Segundo a agência de notícias Reuters, Abdolreza Rahmani-Fazli, vice-secretário do Supremo Conselho Nacional de Segurança, fez a declaração à rede estatal de TV.
Mais cedo, os ministros das Relações Exteriores de Alemanha, Grã-Bretanha e França disseram que o Irã deve ser levado ao Conselho depois de ter retomado unilateralmente suas atividades nucleares.
O ministro das Relações Exteriores da Alemanha, Frank-Walter Steinmeyer, disse que a confiança da União Européia no Irã foi abalada profundamente.
Confiança abalada
Após reunir-se com seus colegas britânico e francês, Steinmeyer disse que eles decidiram pedir ao comitê executivo da Agência Internacional de Energia Atômica (AIEA) para analisar o assunto.
Na terça-feira, o Irã rompeu os lacres internacionais de sua unidade de pesquisas sobre enriquecimento de urânio em Natanz, gerando preocupações dos Estados Unidos, da União Européia e da Rússia.
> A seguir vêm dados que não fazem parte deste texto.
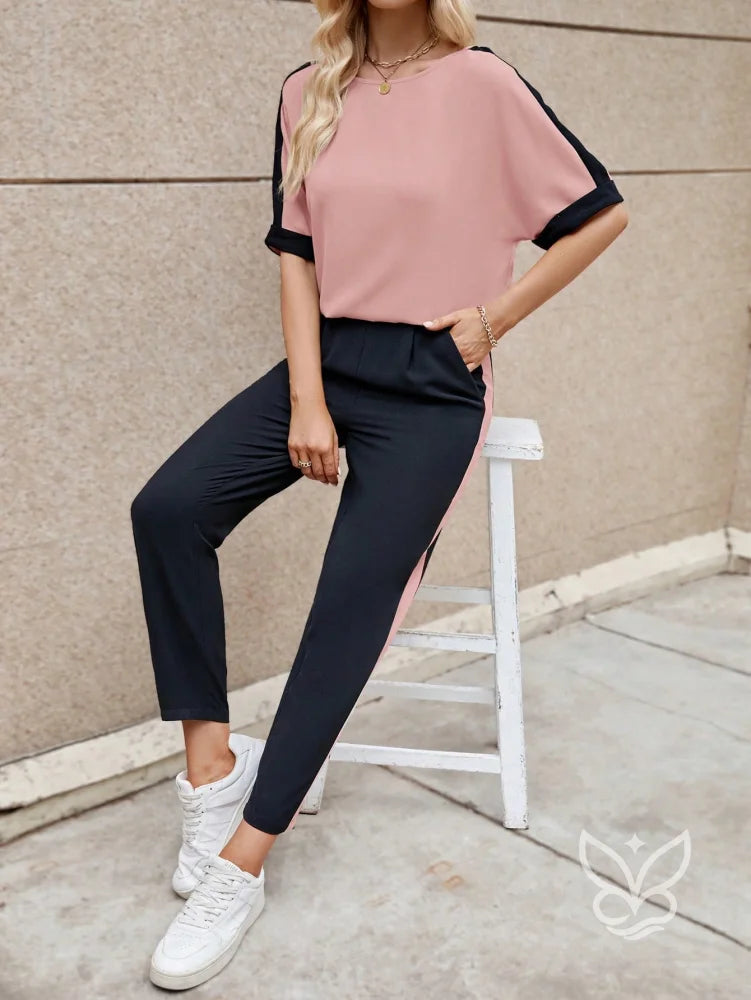 Conjunto Casual Com Blusa Bicolor E Calça De Alfaiataria Moderna Conjunto Casual Com Blusa Bicolor E Calça De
Eles temem que o Irã esteja tentando desenvolver armas atômicas, o que Teerã nega.
O encontro dos ministros europeus deve levar a uma outra reunião, de emergência, da diretoria da AEIA, provavelmente em duas ou três semanas.
A diretoria pode então remeter o caso ao Conselho de Segurança da ONU em Nova York. O conselho da AIEA precisa de maioria simples entre os 35 membros (entre eles o Brasil) para encaminhar o caso para o Conselho de Segurança da ONU.
O Conselho de Segurança poderia tomar várias medidas, que vão desde a divulgação de uma declaração de apoio aos esforços da AIEA em relação ao assunto até a adoção de sanções contra Irã.
O ministro das Relações Exteriores britânico, Jack Straw, disse que várias propostas foram feitas ao Irã, incluindo a possibilidade de entrada na Organização Mundial do Comércio (OMC), mas que apesar dos esforços o Irã deu as costas aos negociadores europeus. Segundo ele, o país não deixou alternativa a não ser recorrer ao Conselho de Segurança.
O presidente do Irã, Mahmoud Ahmadinejad, insistiu que as pesquisas nucleares de seu país continuarão apesar do “barulho” ocidental.
Segundo declarações de um diplomata ocidental em Viena a agências de notícias, o Irã rompeu nesta quinta-feira os lacres de mais duas de suas unidades nucleares.
O diplomata, que pediu anonimato, disse que o equipamento nuclear iraniano está em mau estado, exigindo algum tempo para que os trabalhos possam ser efetivamente retomados.